What caused today’s Internet hiccup
Like others, you may have noticed some instability and general sluggishness on the Internet today. In this post we’ll take a closer look at what happened, including some of the BGP details!
At around 8am UTC Internet users on different mailing lists, forums and twitter, reported slow connectivity and intermediate outages. Examples can be found on the Outages mailing list company support site such as liquidweb and of course on Nanog.
How stable is the Internet
So how do we know if the Internet was really unstable today? One way to look at this is by looking at the outages visible in BGP over the last 12 months. On average we see outages for about 6,033 unique prefixes per day, affecting on average 1470 unique Autonomous Systems. These numbers are global averages and it’s worth noting that certain networks or geographical areas are more stable than others.

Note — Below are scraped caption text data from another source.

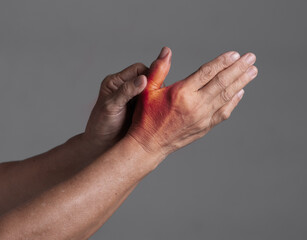 Woman in her 70s suffering from pain in hands and fingers, arthritis inflammation. Red highlight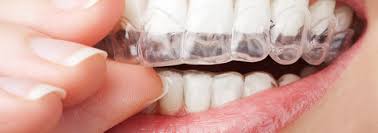 How much does teeth whitening cost?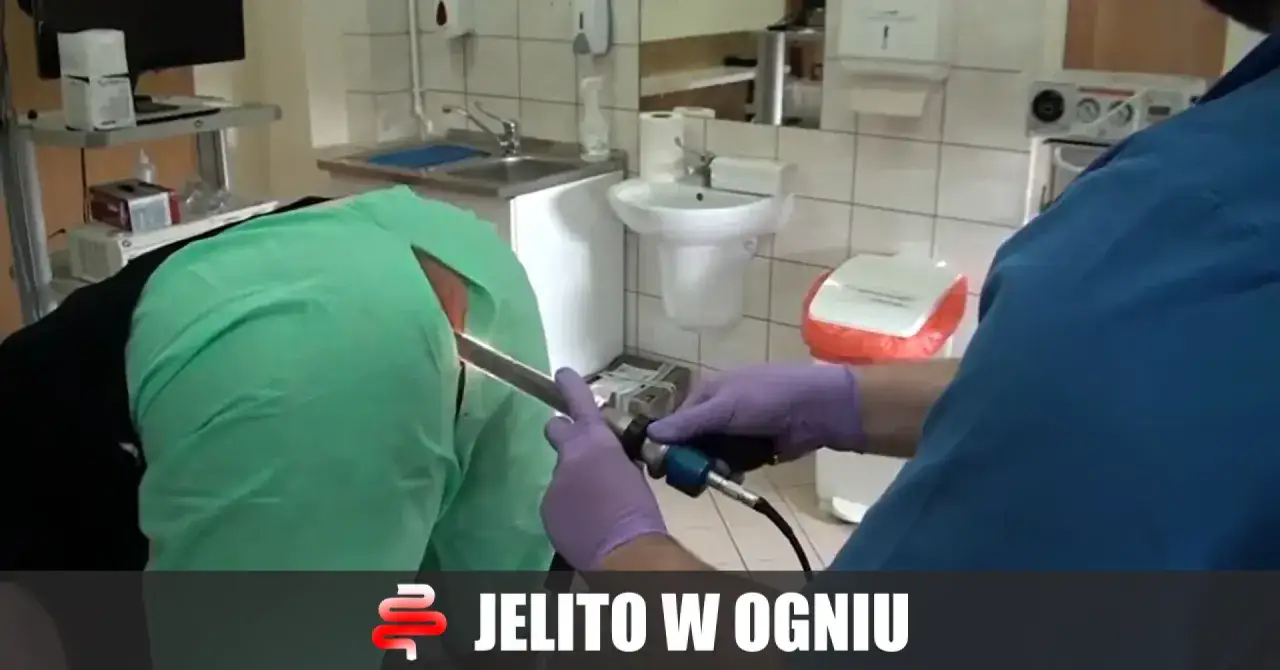 anoskopia rektoskopia kolonoskopia schemat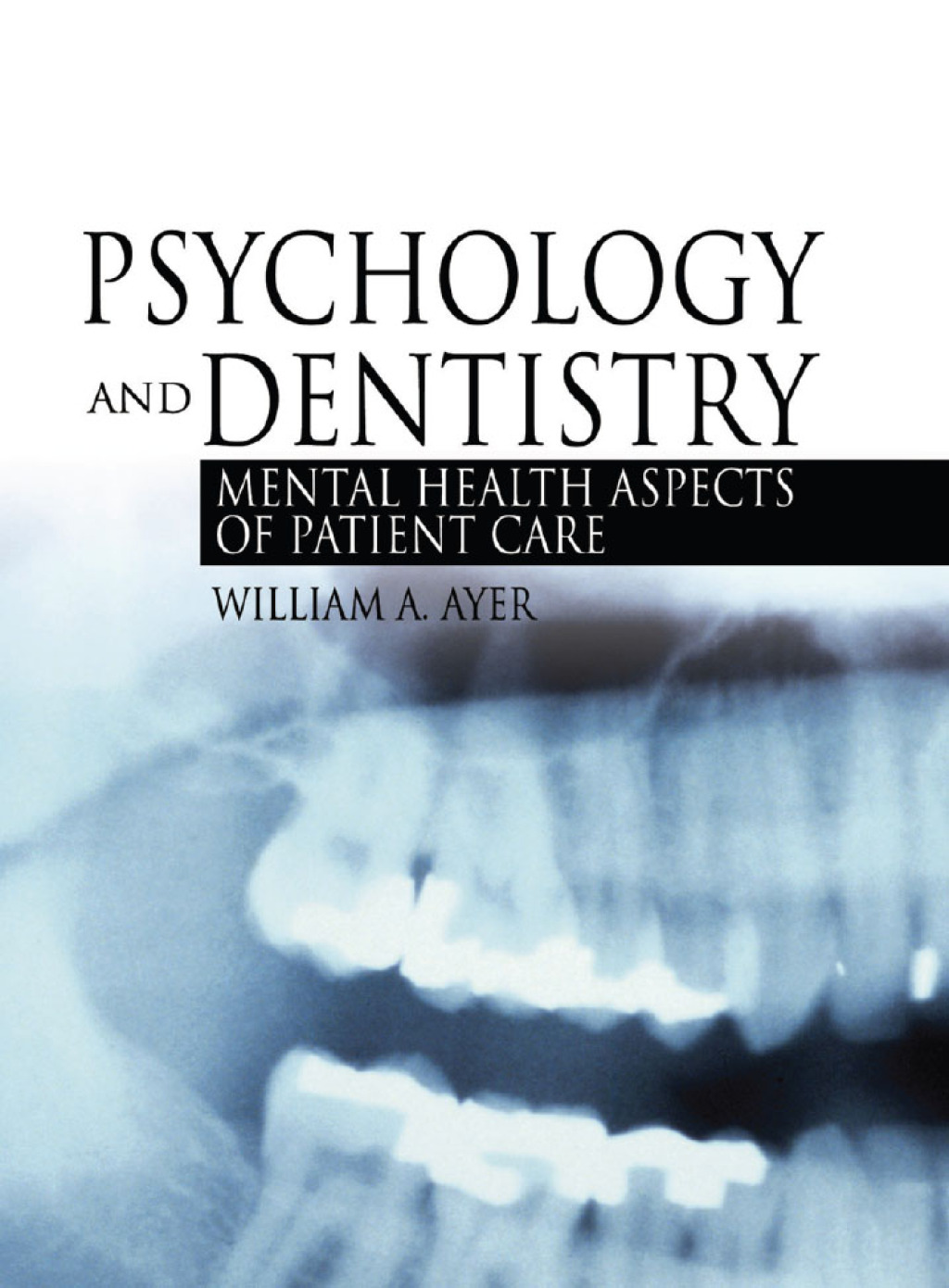 Psychology and Dentistry Mental Health Aspects of Patient Care 1st Edition â€“ PDF/EPUB Version Downloadable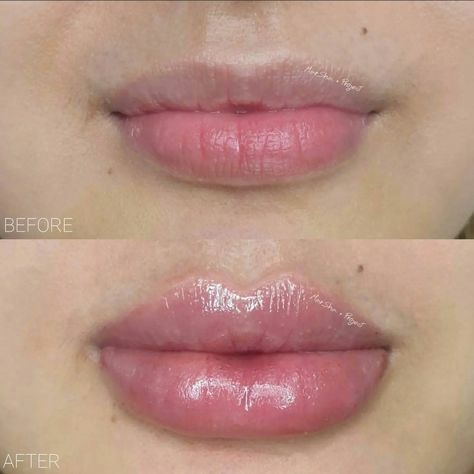 Bottom Lip Filler, Heavy Bottom Lip, Lip Filler Technique, Nose Jobs, Rhinoplasty Nose Jobs, Lip Augmentation, Lip Filler, Lip Enhancement, Bottom Lip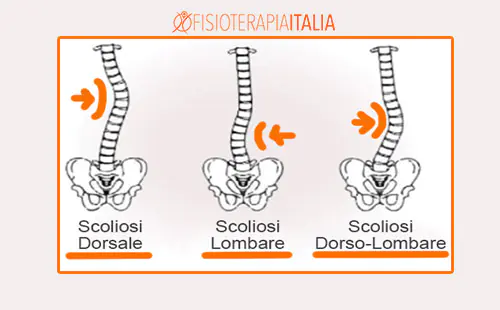 La scoliosi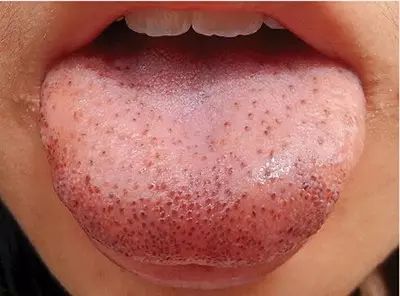 Blood Stasis and Its Impact on Health: How to Care for Individuals with Blood Stasis Constitution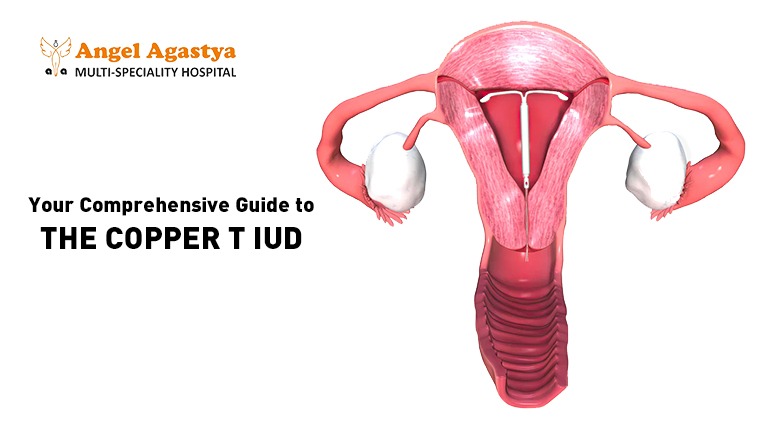 Your Comprehensive Guide to Copper T IUD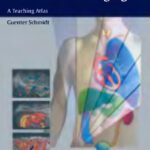 خرید و دانلود نسخه کامل کتاب Differential Diagnosis in Ultrasound Imaging: A Teaching Atlas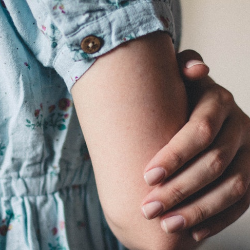 Hiperandrogen, Penyebab Rambut Tumbuh Abnormal pada Tubuh Wanita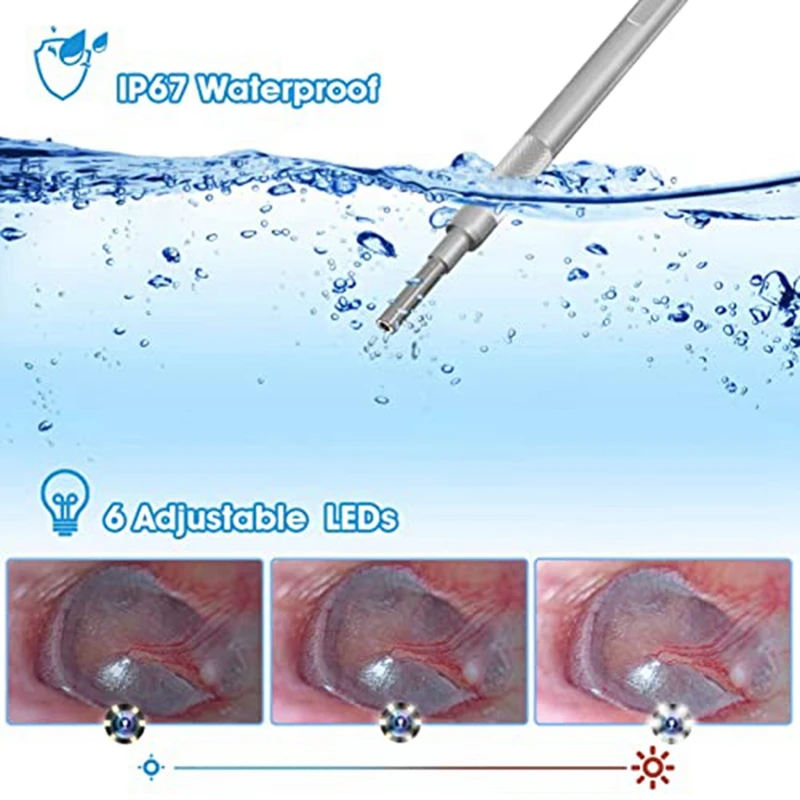 Digital Otoscope Set With 7-Inch Screen Ear Camera Kit Visual Ear Scoop Supports Photo Snapshots And Video Recording 6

If we look at the number of detected outages by BGPmon today we see outage for 12,563 unique prefixes affecting 2,587unique Autonomous Systems. This is well above the daily average and indeed both the unique prefixes and the unique Autonomous Systems count are the highest we’ve seen in the last 12 months. Based on this data it is fair to say that Internet did indeed suffer from more hiccups than normally.
The graph below shows the number of autonomous systems that were affected by an outage just over the last month. Note that most outage occur during week days and that the Internet is in fact much more stable during the weekend and holidays.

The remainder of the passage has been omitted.